:: WHAT YOU SHOULD DO ::
Transcribe the records below in full; pictures stay out of the copy.

========

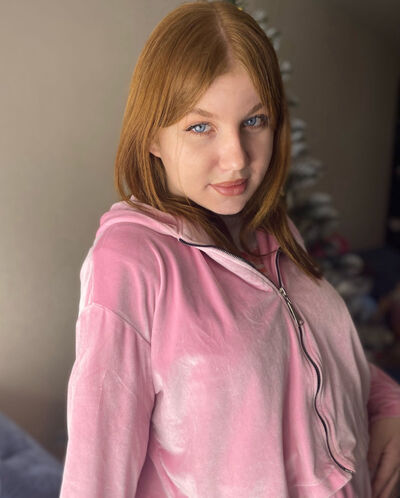  -,   , 20 ,   ,   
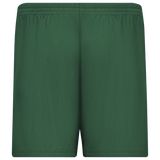 C2 Performance Women's Short - Pro Game Sports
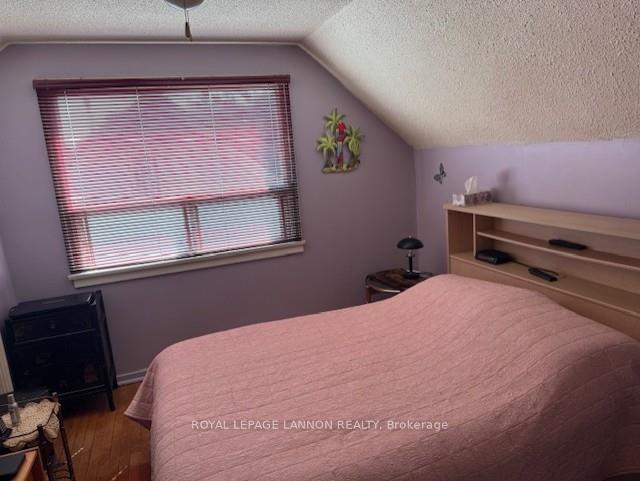 Photo 14 of 129 Ray Boulevard, Thunder Bay, Mariday Heights — HOMEH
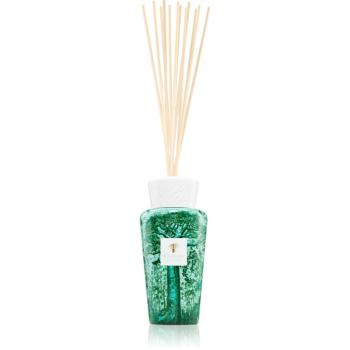 Baobab Collection Sacred Trees Kamalo aróma difuzér 500 ml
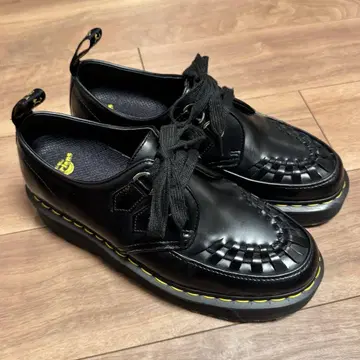 Dr.Martens 닥터마틴 SIDNEY 시드니 uk10
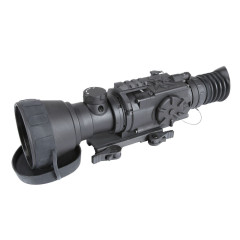 Приціл нічного бачення ARMASIGHT Drone Pro 10x США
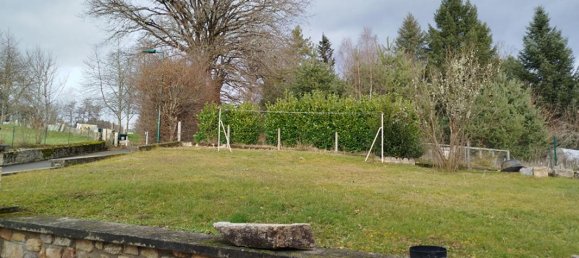 5 bedrooms House in Vertolaye, France No. 66836 8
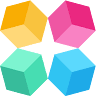 MagicBlocks Info avatar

========

:: RESPONSE FOR THIS EXERCISE ::
  -,   , 20 ,   ,   
 C2 Performance Women's Short - Pro Game Sports
 Photo 14 of 129 Ray Boulevard, Thunder Bay, Mariday Heights — HOMEH
 Baobab Collection Sacred Trees Kamalo aróma difuzér 500 ml
 Dr.Martens 닥터마틴 SIDNEY 시드니 uk10
 Приціл нічного бачення ARMASIGHT Drone Pro 10x США
 5 bedrooms House in Vertolaye, France No. 66836 8
 MagicBlocks Info avatar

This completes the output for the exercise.